Ich bin ein höflicher Mensch. Da können Sie wirklich jeden Fragen. Ob man meine Macken und Eigenarten charmant oder schrecklich findet, darüber kann man streiten. Über meine guten Umgangsformen aber nicht. Dachte ich, bis mir mein Nachbar Paul vorwarf, dass meine vermeintliche Höflichkeit an Dummheit nicht zu überbieten ist. Ich sehe das anders.

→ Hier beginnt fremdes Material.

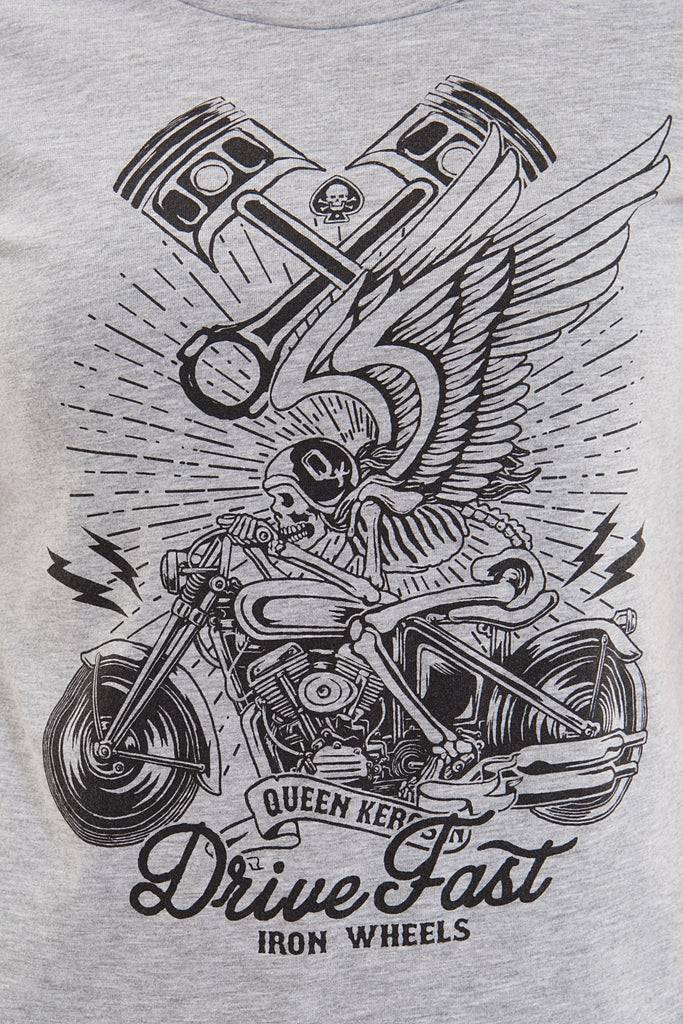 Queen Kerosin Melange Shirt Aus Melange Jersey Mit Front Motiv «Drive Fast»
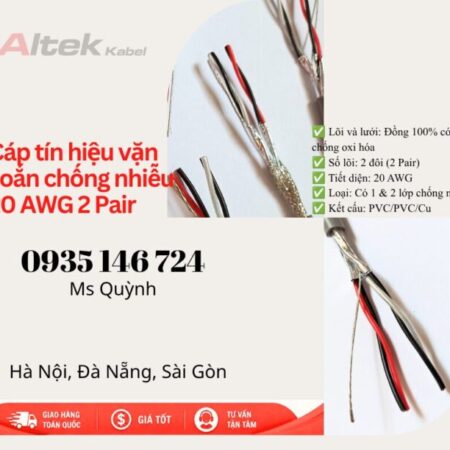 Cáp tín hiệu vặn xoắn chống nhiễu 20 AWG 2 Pair Altek Kabel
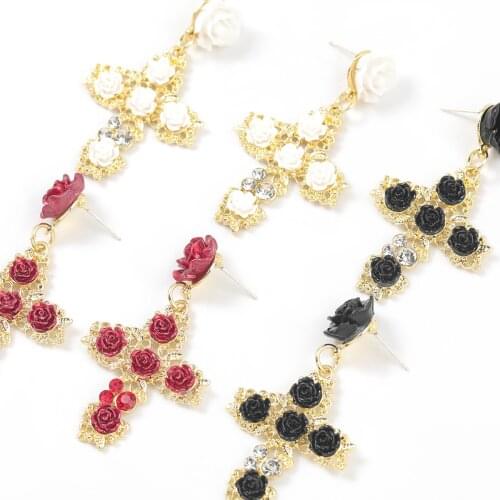 Pauli Manfi 2021 Fashionable Simple Metal Oil Drop Flower Cross Earrings Womens Creative Pop Party Jewelry Accessories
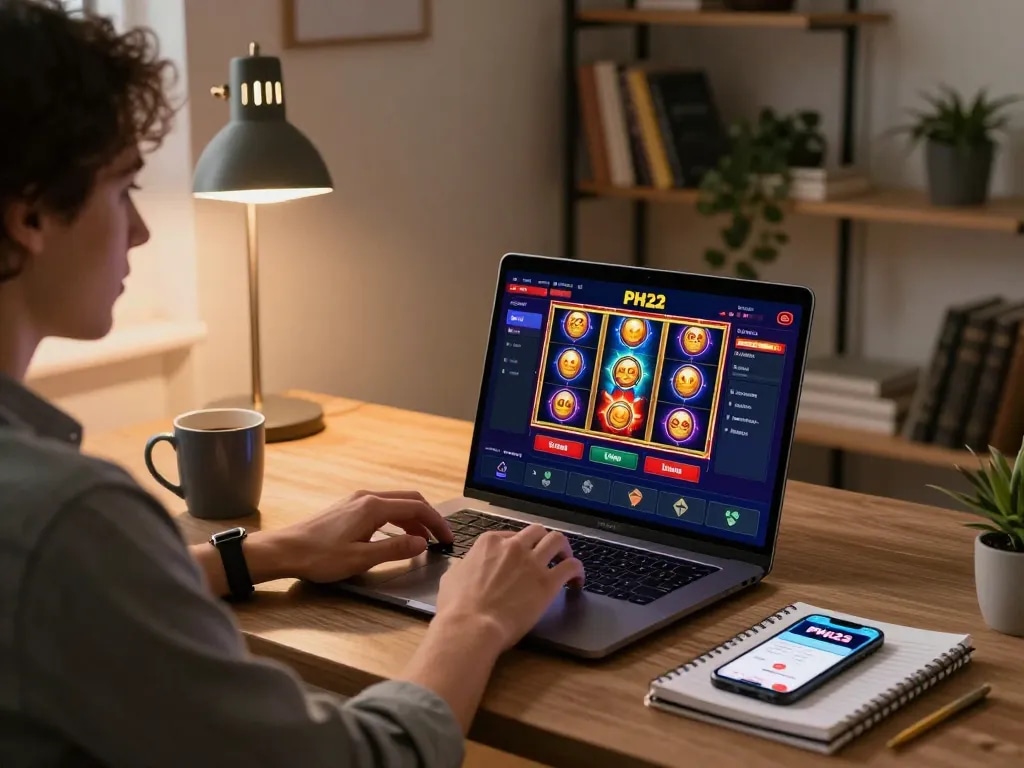 Engaging in strategic online gaming with PH22, showcasing a vibrant casino interface on a laptop in a cozy home setting.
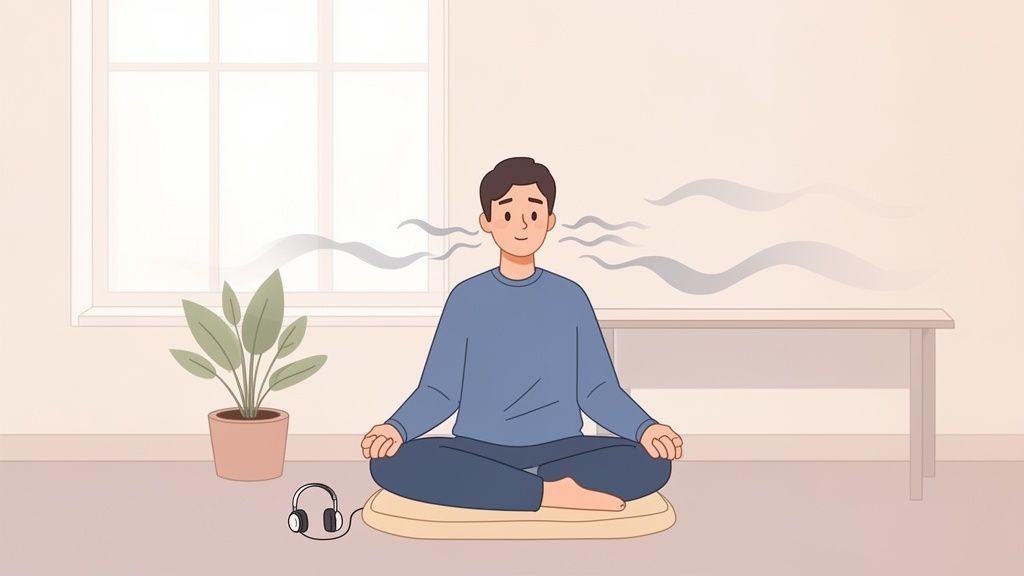Ein Mann meditiert im Schneidersitz auf einer Matte, umgeben von Atemwellen und Kopfhörern.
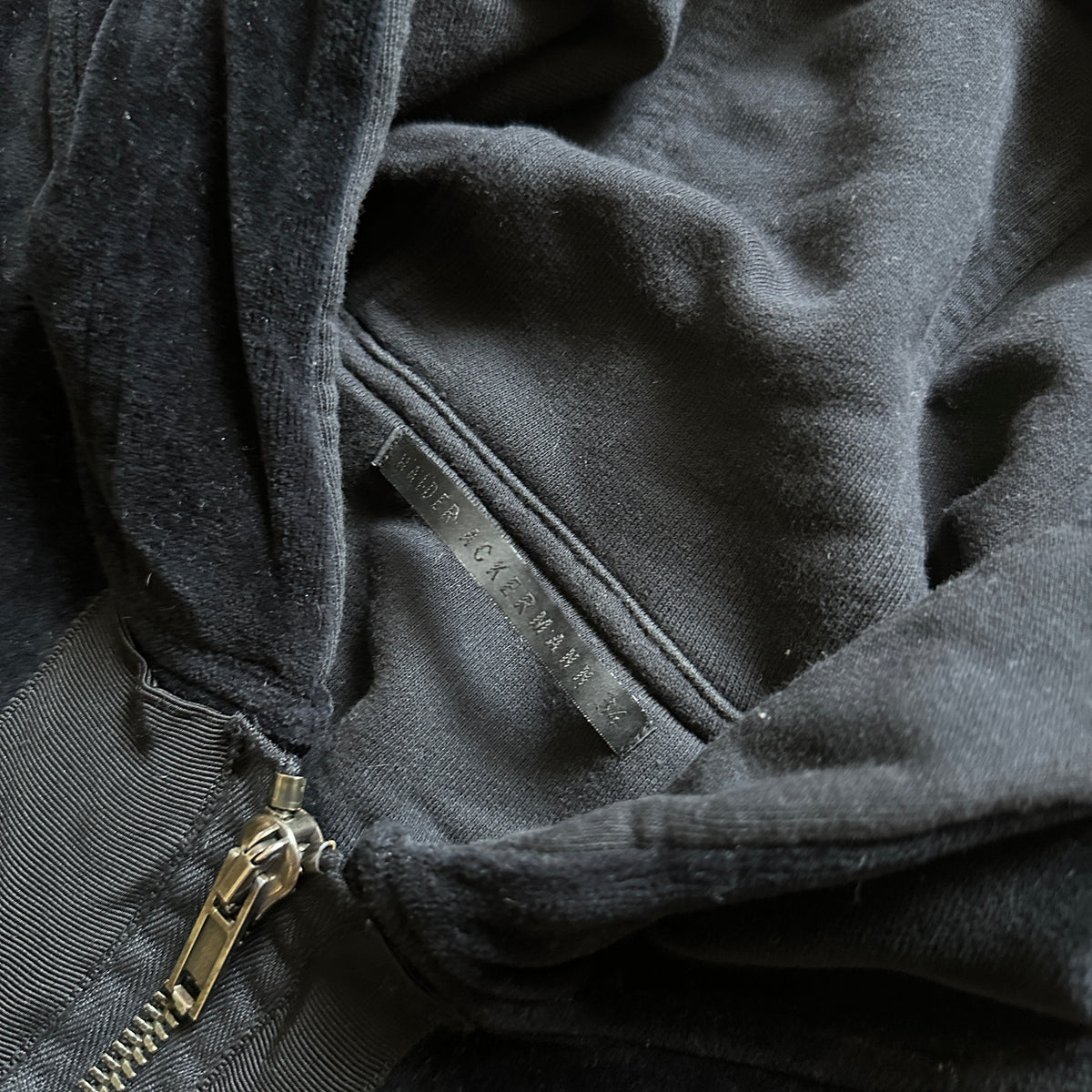 Haider Ackermann FW15 Cropped Velvet Double Layer Hoodie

Was würden Sie denn denken, wenn Sie Samstagmorgen bei strahlendem Sonnenschein, zwei älter Damen vor der Haustüre antreffen, die konzentriert die Namen der Klingelschilder betrachten? Dass sie einen Raubüberfall planen? Dass sie gleich zu randalieren beginnen und das Treppenhaus zerlegen? Vermutlich nicht. Und genau deshalb habe ich die beiden Frauen auch ins Haus gelassen ohne mich nach dem Grund zu erkundigen. Wenn man halbwegs höflich ist, dann hält man anderen die Türe auf, auch wenn man sie nicht persönlich kennt. Und auch was meine angebliche Dummheit betrifft liegt Paul falsch. Nachdem die beiden reizenden Damen mich nämlich ohne Einleitung fragten ob ich glücklich bin (Antwort ja) und ob ich an Gott glaube (Antwort verweigert) war ich schlau genug mich ganz schnell aus der Affaire zu ziehen.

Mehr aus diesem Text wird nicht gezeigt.